Wednesday, February 29, 2012

At Last Barbados

I took the small white oblong pill and by the time

I awoke, flying blue-green over an ocean prairie,

Caribbean sirens sang from island to island;

Lower and lower we dropped until ground speck loomed,

Settled in metal rooftops’ hot colors, and my world had changed from

Dread to calm.

High above Atlantic sounding, on a cliff atop the surge,

Wind patters palm trees’ fronds, a sound like night-time rain; the hemisphere sleeps;

Monkeys scramble and a night bird calls faintly, once, across an answering sky,

In the morning as the eye searches for nothing but what is rolling below,

I swear I see the curvature folding horizon’s coverlet,

And Africa there, a thousand thousand miles across the deep marine and

Along the eastern coast gods march,

Mythic, pitted rocks cleaved from ancient coral reefs;

Nimble boys and old men with grey hair tied in ponytails game the surf,

And ride waves home in crests of long forgetting.

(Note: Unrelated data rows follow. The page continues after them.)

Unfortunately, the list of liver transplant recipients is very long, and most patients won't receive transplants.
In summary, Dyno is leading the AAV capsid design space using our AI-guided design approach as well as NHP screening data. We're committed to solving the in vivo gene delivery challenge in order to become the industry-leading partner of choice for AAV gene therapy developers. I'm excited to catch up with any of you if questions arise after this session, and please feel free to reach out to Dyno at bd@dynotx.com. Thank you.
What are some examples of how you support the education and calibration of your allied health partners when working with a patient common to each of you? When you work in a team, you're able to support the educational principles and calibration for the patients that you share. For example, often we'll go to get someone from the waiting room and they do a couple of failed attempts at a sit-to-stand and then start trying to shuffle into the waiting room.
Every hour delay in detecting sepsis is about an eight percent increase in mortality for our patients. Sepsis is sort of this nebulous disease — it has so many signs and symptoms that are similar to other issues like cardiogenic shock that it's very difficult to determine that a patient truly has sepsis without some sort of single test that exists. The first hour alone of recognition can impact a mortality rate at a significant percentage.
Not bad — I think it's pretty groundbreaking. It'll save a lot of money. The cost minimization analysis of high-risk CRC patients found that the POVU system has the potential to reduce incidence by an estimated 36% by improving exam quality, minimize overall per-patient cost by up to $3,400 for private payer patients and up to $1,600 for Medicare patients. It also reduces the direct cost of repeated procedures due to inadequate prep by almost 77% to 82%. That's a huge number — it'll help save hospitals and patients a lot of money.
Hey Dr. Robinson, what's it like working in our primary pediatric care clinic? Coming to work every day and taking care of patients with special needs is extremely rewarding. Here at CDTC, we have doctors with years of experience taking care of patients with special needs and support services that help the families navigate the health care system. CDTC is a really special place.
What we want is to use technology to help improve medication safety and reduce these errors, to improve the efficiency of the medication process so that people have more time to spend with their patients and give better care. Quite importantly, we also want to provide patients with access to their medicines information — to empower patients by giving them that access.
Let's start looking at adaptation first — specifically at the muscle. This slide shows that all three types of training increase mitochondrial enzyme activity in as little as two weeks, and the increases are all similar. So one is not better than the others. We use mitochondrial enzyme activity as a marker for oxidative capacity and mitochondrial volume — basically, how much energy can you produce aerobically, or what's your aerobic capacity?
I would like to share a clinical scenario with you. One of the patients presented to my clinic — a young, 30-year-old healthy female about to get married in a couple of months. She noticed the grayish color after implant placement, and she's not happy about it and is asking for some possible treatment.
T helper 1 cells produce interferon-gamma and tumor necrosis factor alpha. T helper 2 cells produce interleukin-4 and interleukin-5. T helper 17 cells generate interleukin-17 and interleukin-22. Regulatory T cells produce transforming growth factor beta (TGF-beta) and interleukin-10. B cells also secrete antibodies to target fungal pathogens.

I watch their eyes see nothing but the water;

They care so much that nothing matters anymore.

Still, if I were seeking how to make my bit of clay mean something

In this world when I am gone to whatever home awaits

I’d recall and feel the scene I see; the tide comes in, the tide goes out; it pools

Among the monoliths standing on the shore.

Between the breakers water waits for an instant’s universe,

And eddies, each ephemera a different masterwork.

I will be there in the next millennium; my bones and dust at one with

This pulse of life that more than my short breath

Confirms what was and is; confirms an evermore.